Les ventes sont étalées sur toute l'année, mais très importantes pendant le mois de décembre où 50% de la production est vendue. Comme pour les moules, les ventes se font à la station d'épuration de Gammarth.

Une partie est commercialisée directement à partir de l'exploitation de Menzel Jemil à des revendeurs possédant un parc d'épuration.

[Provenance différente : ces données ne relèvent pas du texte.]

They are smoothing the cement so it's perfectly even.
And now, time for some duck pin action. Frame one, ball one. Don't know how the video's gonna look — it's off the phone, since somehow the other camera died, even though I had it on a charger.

IV) Production: huîtres et moules

Le tableau ci-après donne les valeurs et les quantités de la production écoulée: elles ne correspondent pas aux possibilités réelles de l'exploitation, mais aux quantités susceptibles d'être écoulées en fonction du circuit commercial actuel.

A) Moules

AnnéeProduction (T)Ventes (T)Valeur DT
1977  86  7022 800
1978103  8525 807
197913811322 121
198013311617 043
198112711317 228

Remarques

La production moyenne annuelle est stabilisée aux alentours de 130–140 tonnes, ce qui correspond à des ventes effectives de 115 tonnes environs. Le prix des ventes des moules est actuellement le suivant:

- 0,150 DT le kg en grosau départ de Gammarth
- 0,250 DT le kg au détail
- 0,120 DT le kg au départ de Menzel Jemil, en gros

Ces prix sont en vigueur depuis 1979, ils sont très bas et ce afin d'encourager les ventes. Le résultat n'a pas été très sensible. Les ventes ont sensiblement augmenté de 40% en valeur absolue, ce qui représente 40 tonnes. Le circuit commercial est complètement à revoir.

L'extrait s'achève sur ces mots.